#### Entries taken from a collection
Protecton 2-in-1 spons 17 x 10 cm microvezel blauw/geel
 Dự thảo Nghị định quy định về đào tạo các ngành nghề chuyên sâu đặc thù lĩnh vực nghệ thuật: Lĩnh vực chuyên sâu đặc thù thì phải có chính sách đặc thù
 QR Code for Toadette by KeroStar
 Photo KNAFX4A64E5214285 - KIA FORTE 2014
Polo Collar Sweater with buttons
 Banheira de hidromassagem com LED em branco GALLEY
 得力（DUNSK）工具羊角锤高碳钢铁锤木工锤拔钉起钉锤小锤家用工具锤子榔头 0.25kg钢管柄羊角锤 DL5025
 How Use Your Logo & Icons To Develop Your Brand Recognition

#### EXERCISE PROMPT
Repeat only the stretch of lines that opens with the line containing "得力（DUNSK）工具羊角锤高碳钢铁锤木工锤拔钉起钉锤小锤家用工具锤子榔头 0.25kg钢管柄羊角锤 DL5025" and closes with the final line of the entries, both included, exactly as written.

#### YOUR SOLUTION
 得力（DUNSK）工具羊角锤高碳钢铁锤木工锤拔钉起钉锤小锤家用工具锤子榔头 0.25kg钢管柄羊角锤 DL5025
 How Use Your Logo & Icons To Develop Your Brand Recognition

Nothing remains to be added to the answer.